====== GIVEN RECORDS
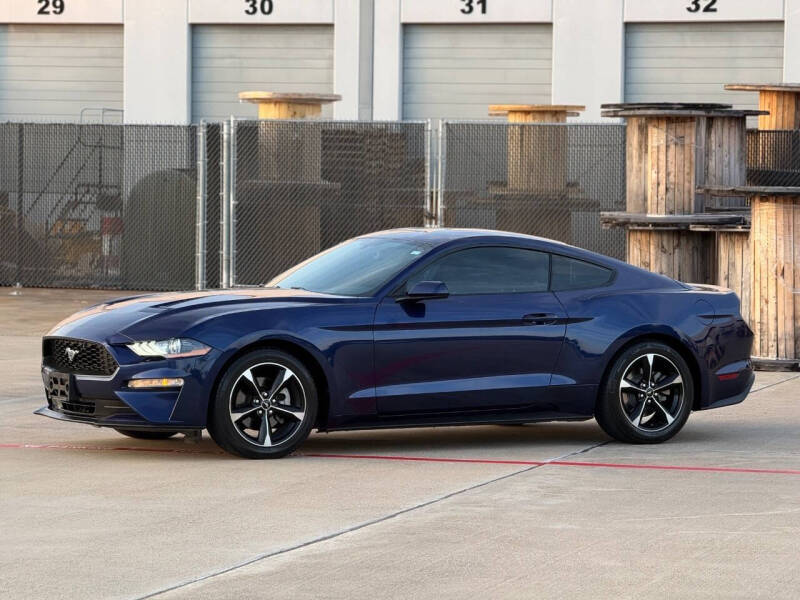 2018 Ford Mustang EcoBoost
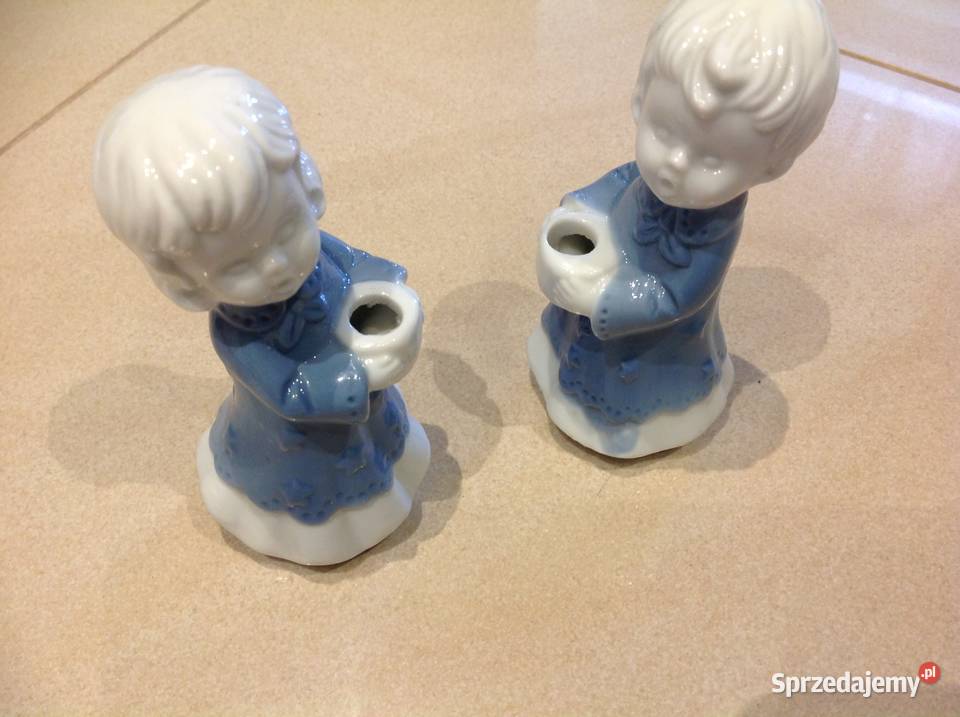 Figurki z Porcelany Stare Nowa Sól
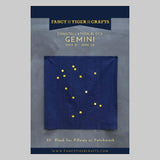 Fancy Tiger - Constellation Quilt Block Patterns - Gemini - gatherhereonline.com
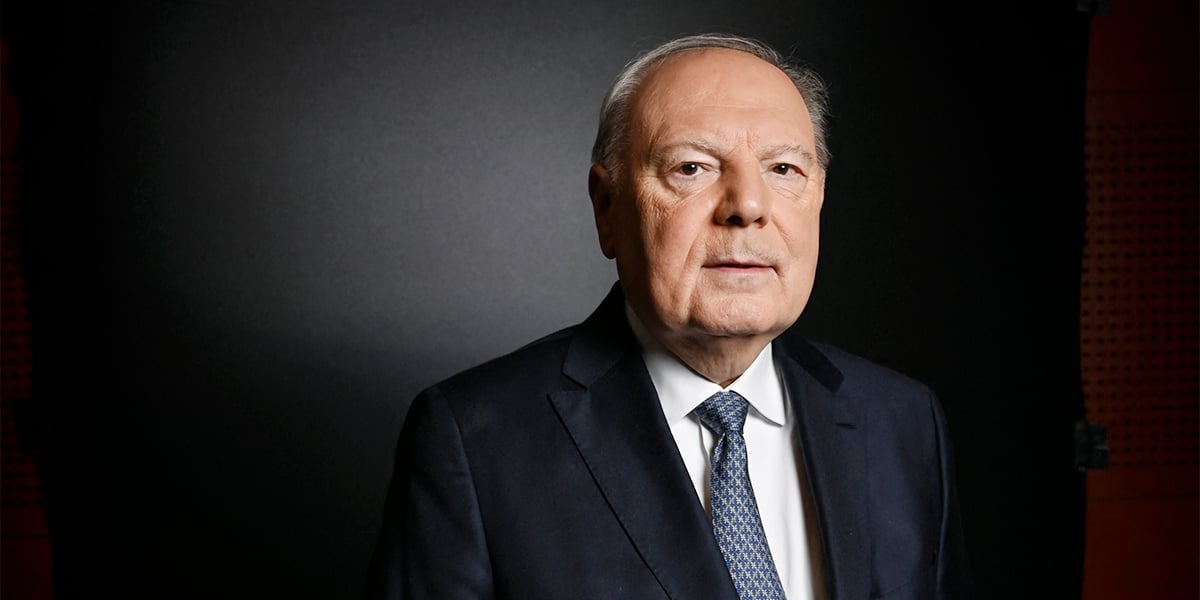 Hervé Marseille, président de l’UDI était vendredi 6 novembre 2024 à l'Élysée pour discuter avec Emmanuel Macron.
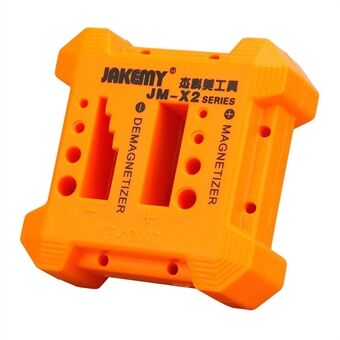 JAKEMY JM-X2 Magnetizer Avmagnetiserare för skruvmejselspetsar och andra Components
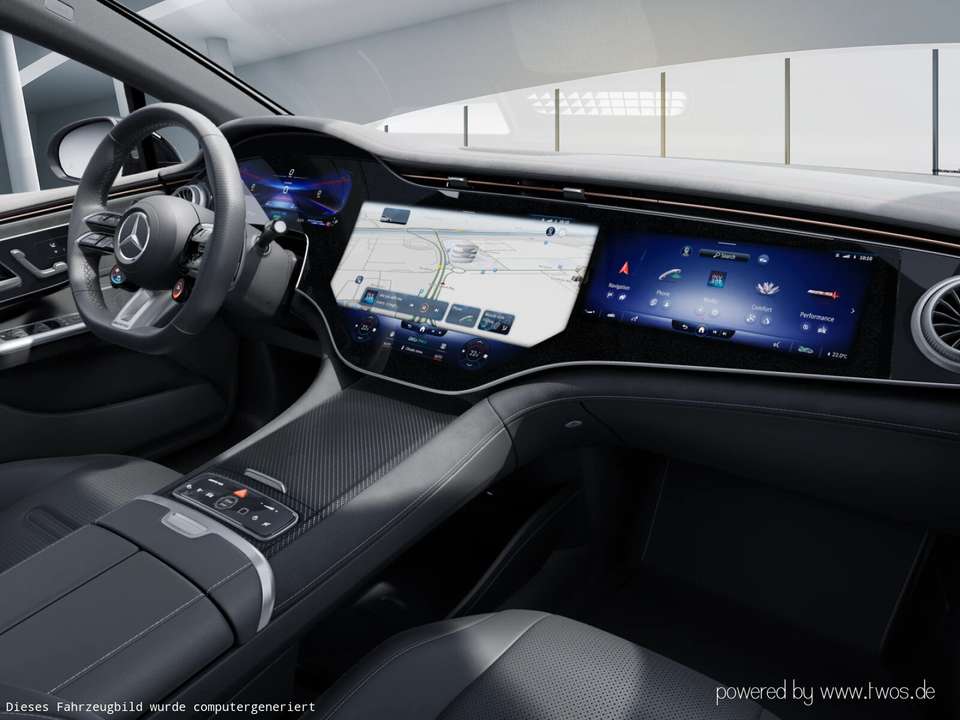 Mercedes-Benz EQE 53 - Imagem 9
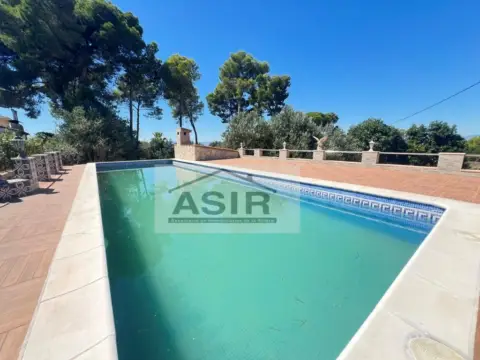 Chalet en El Respirall-Santa Maria de Bonaire-El Racó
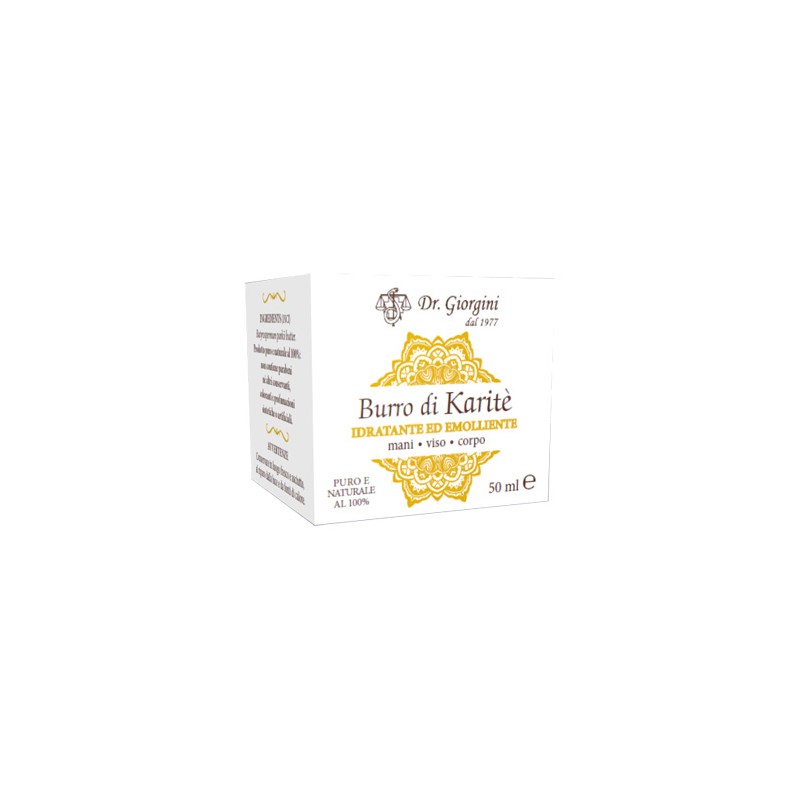 Dr. Giorgini - Dr. Giorgini Ser-vis Burro Di Karite 50 Ml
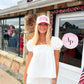 Summer Sippin Pink Hat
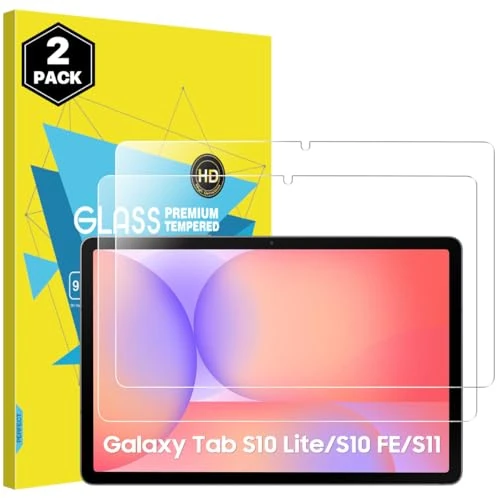 Zeitlich begrenztes Angebot: MoKo 2 Stück Schutzfolie für Samsung Galaxy Tab S10 Lite/S10 FE/S9 FE 5G 10,9" & S11/S9 11", 9H Härte Gehärtetes Glas, HD Klar, Kratzfest Screen Protector Folie Schutzglas von 8.49 € auf 8.49 € (0.00% Rabatt)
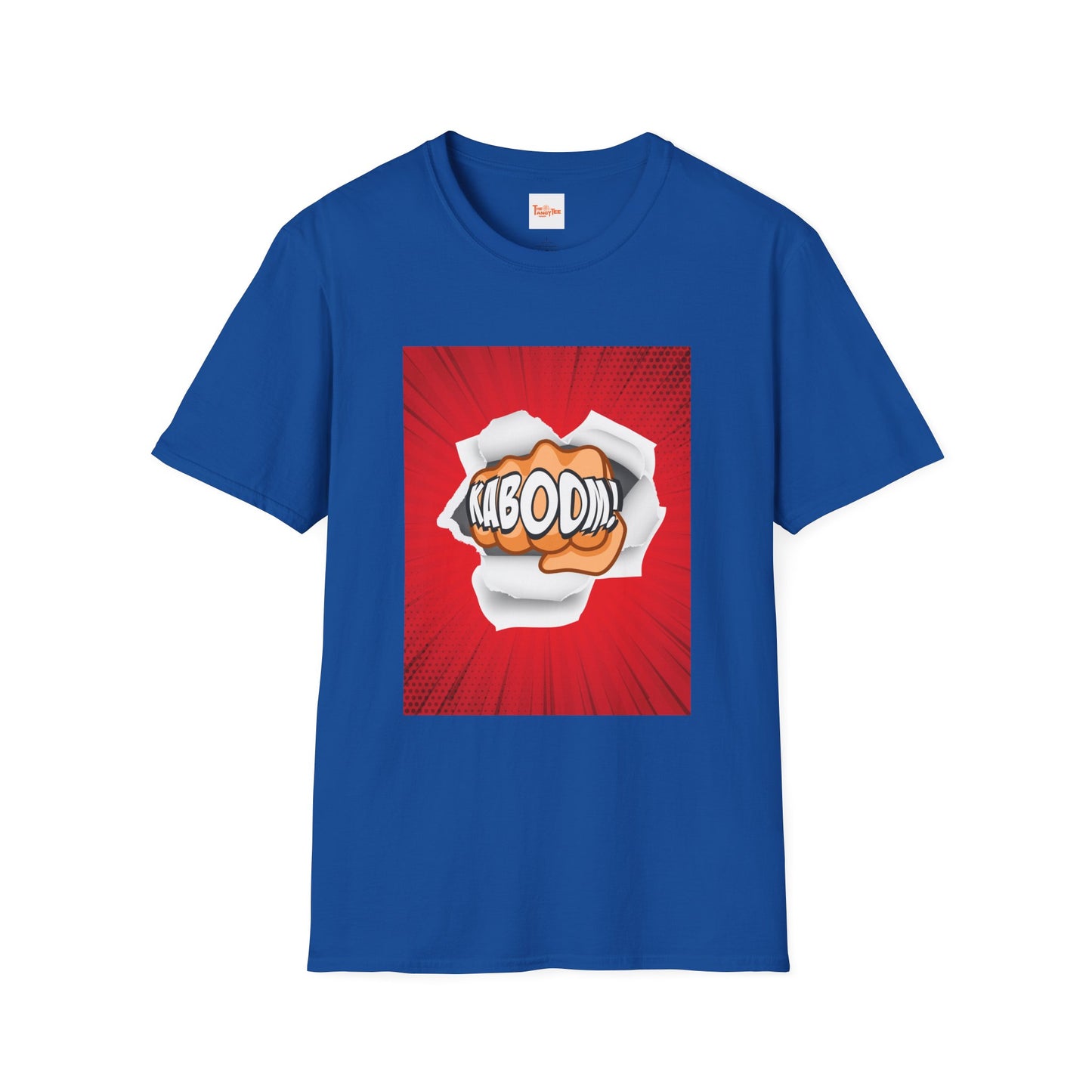 Unisex Tee Kaboom Fist Punch Graphic T-Shirt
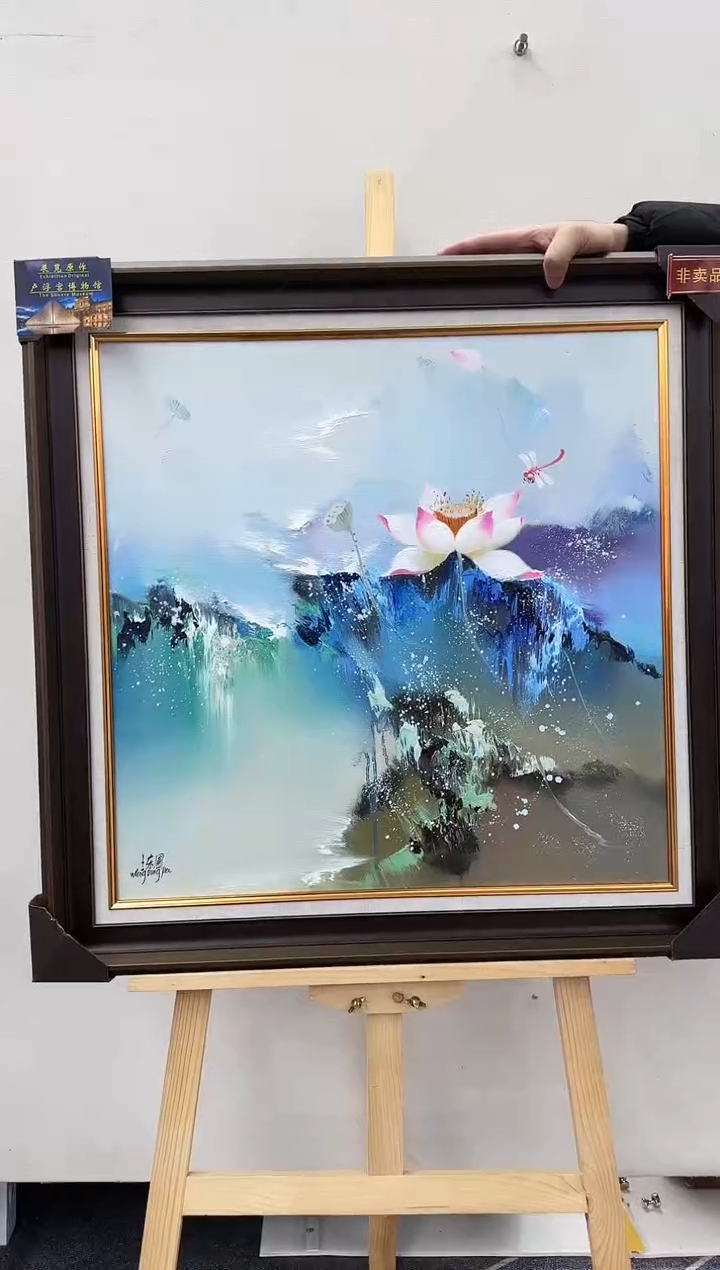 国画画家王东圃油画作品
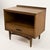 Mid-Century Modern Broyhill Sculptra Mid Century Walnut Nightstand For Sale - Image 3 of 7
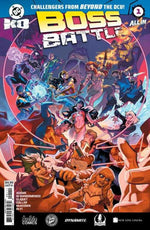 DC K.O. Boss Battle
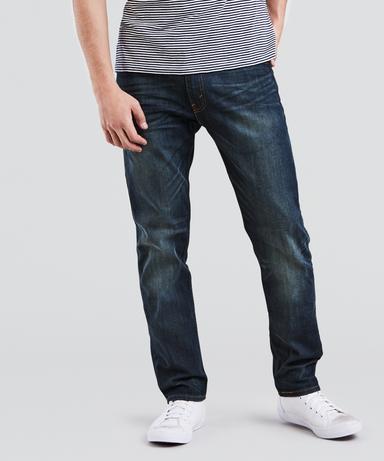 men's regular fit tapered jeans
============
▸ **YOUR INSTRUCTIONS**
Leaving the pictures aside, write out the entries above exactly.

▸ **ANSWER TO THIS TASK**
 2018 Ford Mustang EcoBoost
 Figurki z Porcelany Stare Nowa Sól
 Fancy Tiger - Constellation Quilt Block Patterns - Gemini - gatherhereonline.com
 Hervé Marseille, président de l’UDI était vendredi 6 novembre 2024 à l'Élysée pour discuter avec Emmanuel Macron.
 JAKEMY JM-X2 Magnetizer Avmagnetiserare för skruvmejselspetsar och andra Components
 Mercedes-Benz EQE 53 - Imagem 9
 Chalet en El Respirall-Santa Maria de Bonaire-El Racó
 Dr. Giorgini - Dr. Giorgini Ser-vis Burro Di Karite 50 Ml
 Summer Sippin Pink Hat
 Zeitlich begrenztes Angebot: MoKo 2 Stück Schutzfolie für Samsung Galaxy Tab S10 Lite/S10 FE/S9 FE 5G 10,9" & S11/S9 11", 9H Härte Gehärtetes Glas, HD Klar, Kratzfest Screen Protector Folie Schutzglas von 8.49 € auf 8.49 € (0.00% Rabatt)
 Unisex Tee Kaboom Fist Punch Graphic T-Shirt
 国画画家王东圃油画作品
 Mid-Century Modern Broyhill Sculptra Mid Century Walnut Nightstand For Sale - Image 3 of 7
 DC K.O. Boss Battle
 men's regular fit tapered jeans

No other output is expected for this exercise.